To start off, each company is in its own set with only itself and a call to find(X) will return $X$ (and similarly for all the other companies). If $Y$ acquired $X$, we will make a call to union(X, Y) to represent that the two companies should now be linked. As a result, a call to find(X) will now return $Y$, showing that $X$ is now a part of $Y$. The unioned result is shown below.

union

Quick Find

For the rest of the lab, we will work with non-negative integers as the items in our disjoint sets. If you wanted to have a disjoint set of something that did not correspond to a set of integers, you could generalize this data structure by maintaining some sort of mapping between whatever the objects are and the set of integers contained within the disjoint set data structure.

In order to implement disjoint sets, we need to know the following:

What items are in each set
Which set each item belongs to

One implementation we can do involves keeping an array that details just that.
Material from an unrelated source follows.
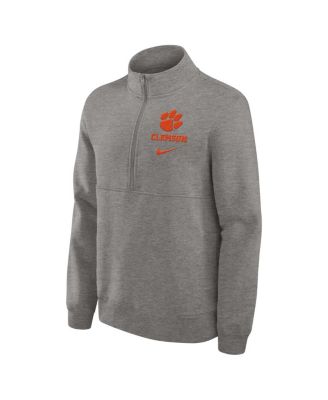 Men's Heather Gray Clemson Tigers Primetime Club Half-Zip Sweatshirt
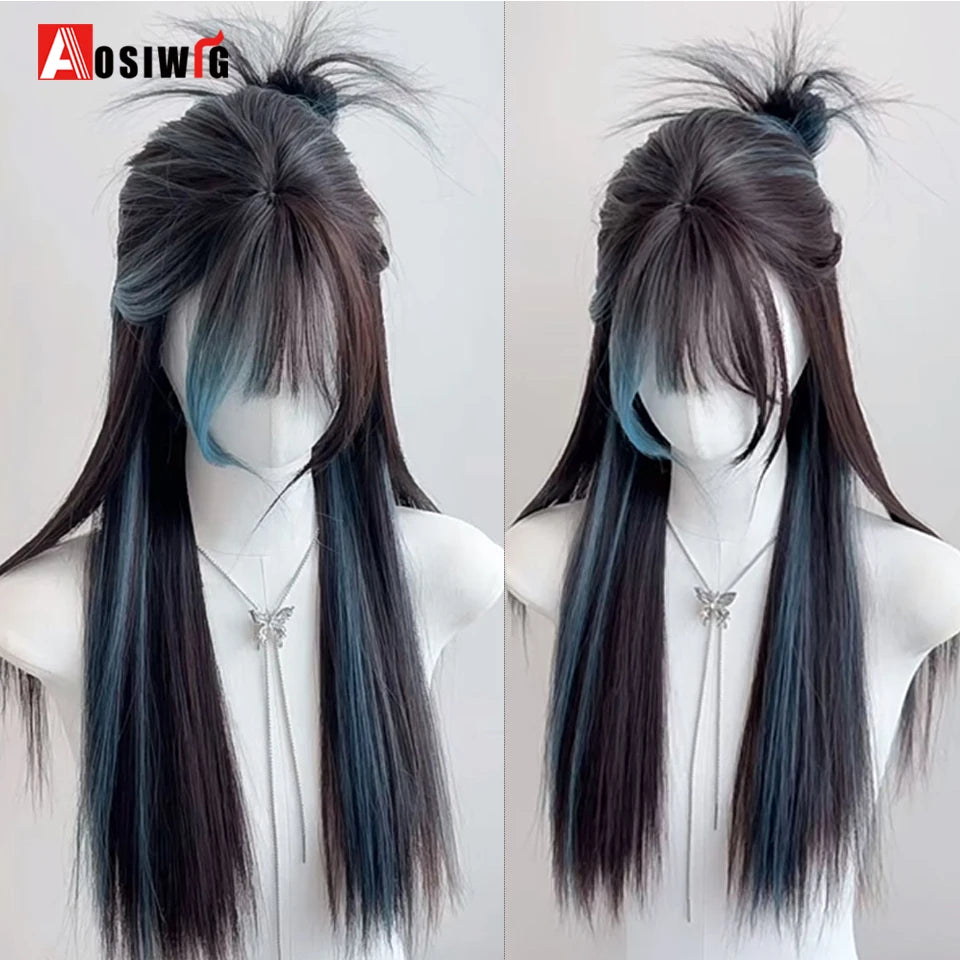 Kawaii Black & Blue Long Straight Lolita Wig 💖✨ Perfect for Cosplay & Parties! 🎉🎀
In our array, the index will represent the item (hence non-negative integers) and the value at that index will represent which set that item belongs to. For example, if our set looked like this,

union-find-1

then we could represent the connections like this:

union-find-2

Here, we will be choosing the smallest number of the set to represent the face of the set, which is why the set numbers are 0, 3, and 5.

This approach uses the quick-find algorithm, prioritizing the runtime of the find operation but making the union operations slow. But, how fast is the find operation in the worst case, and how slow is the union operation in the worst case? Discuss with your partner, then check your answers below. Hint: Think about the example above, and try out some find and union operations yourself!

Answer below (highlight to reveal):

1. Worst-case runtime for quick-find data structure's find with $N$ items: $\Theta(1)$
2. Worst-case runtime for quick-find data structure's union with $N$ items: $\Theta(N)$

Quick Union

Suppose we prioritize making the union operation fast instead. One way we can do that is that instead of representing each set as we did above, we will think about each set as a tree.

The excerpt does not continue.